Former Chancellor of the Exchequer Alistair Darling was among the senior figures calling for a radical policy shift in housing at the RESI conference, held this week at Celtic Manor.
Interviewed by the BBC’s home editor, Mark Easton, Darling said: “Unless government takes a more active role in ensuring more housing is delivered, it simply won’t happen. In the post-World War II period it became a badge of honour for governments to talk of how many houses they’d delivered – we need that driving commitment again.”

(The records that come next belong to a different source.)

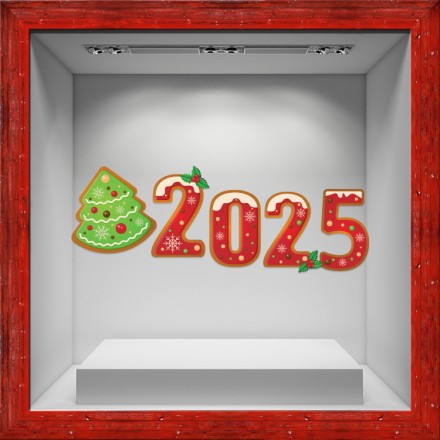 2025 με Δέντρο Αυτοκόλλητο Βιτρίνας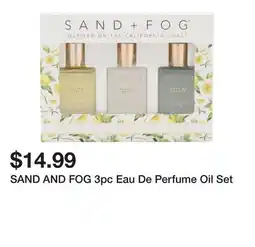 Marshalls SAND AND FOG 3pc Eau De Perfume Oil Set offer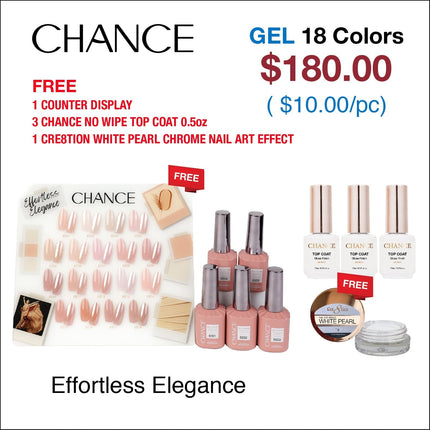 Chance Effortless Elegance Collection 0.5oz - 18 Colors w/ 1 Counter Display, 3 Chance No Wipe Top Coat 0.5oz & 1 Cre8tion White Pearl Chrome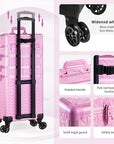 AROUS 5 in 1 Rolling Makeup Train Case Cosmetology Case on Wheels Large Cosmetic Organizer Travel Cart for Hairstylist Artist Nail Beauty Salon Barber,All Pink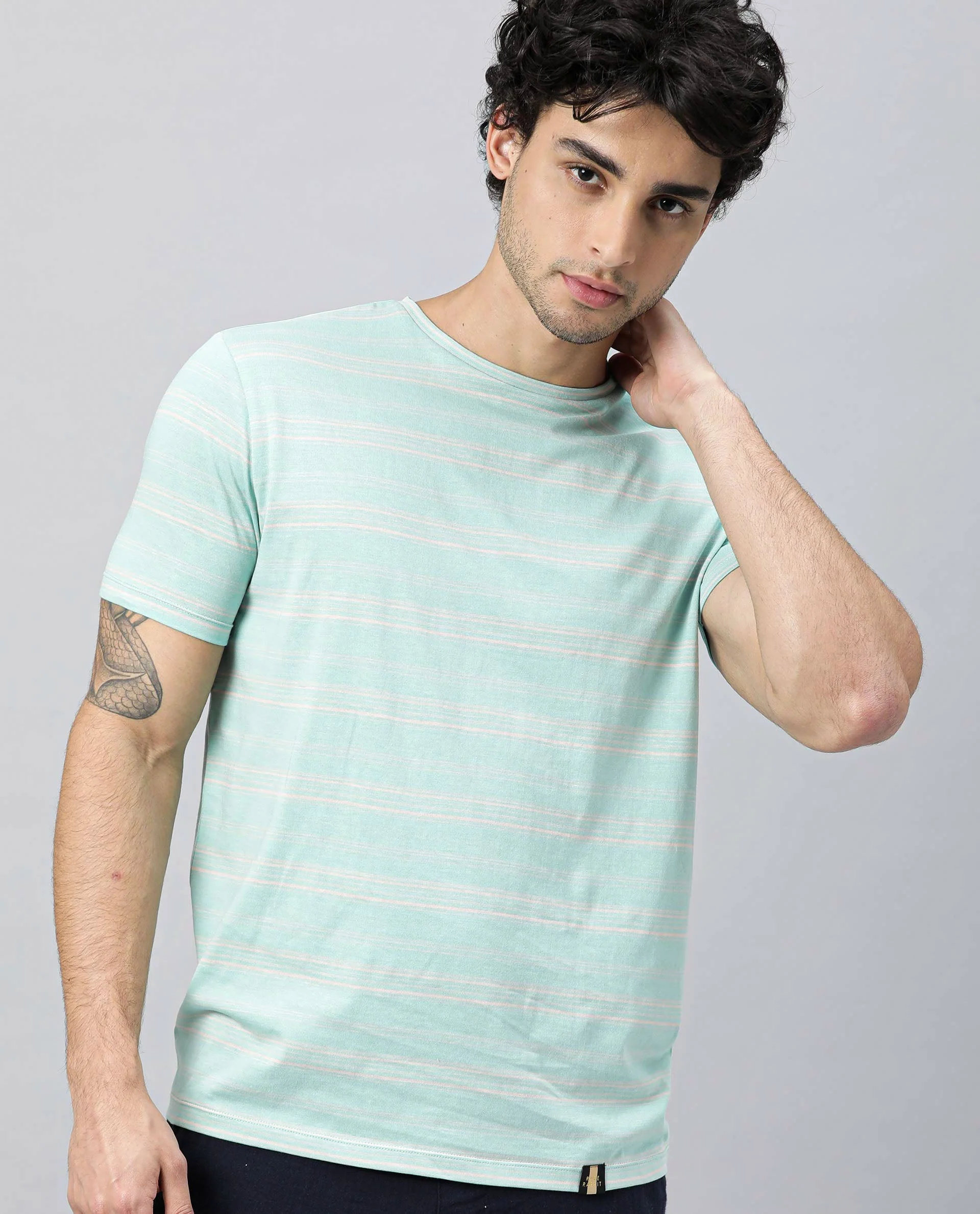 Rare Rabbit Men's Seus Turq Cotton Striped Print Slim Fit Half Sleeve Crew Neck T-Shirt - Image 3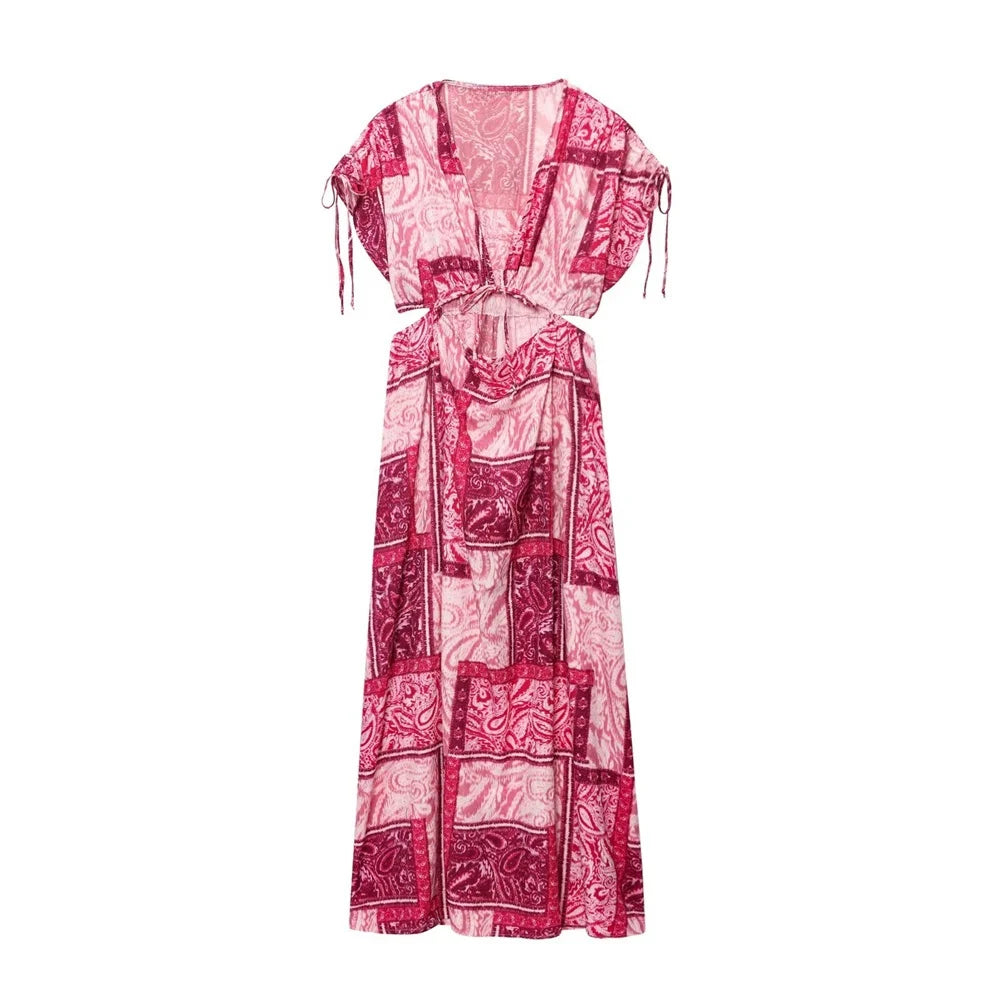 BM&MD&ZA2025bow-decorated V-neck short-sleeved hollow waist patchwork print niche dress long skirt for women Aviola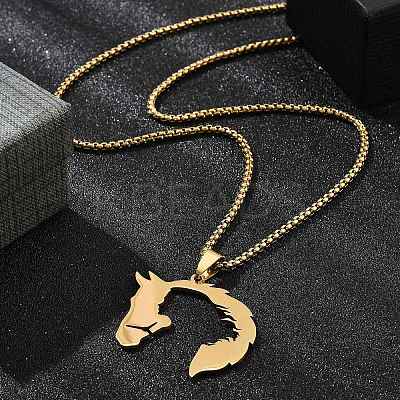 201 Stainless Steel Pendant Necklaces for Women LS-NJEW-U021-07G-1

Darling admitted that the Labour government in which he served for 13 years was as responsible as any recent government for the slippage of housing from the top priorities of government. “There was so much focus on health and education we didn’t see it as a priority. A government can only realistically focus on a couple of major policy areas at a time. John Prescott was keen, Tony (Blair) less so.”
He pointed to the London housing crisis, where large tranches of the city region are now unattainable at realistic rent or purchase levels for many people, forcing people further out, as illustrative of governmental failure to act.
“You see the new towers springing up in areas like Vauxhall, and they look great – but there are just a handful of lights on at night. There is a market failure that has been going on for 30 years.
“Government can take a more active role – they can borrow much more cheaply than the private sector can. If you look at the Green Investment Bank, that has had some success working in its specific field, and something similar for housing seems a perfectly sensible thing to do.”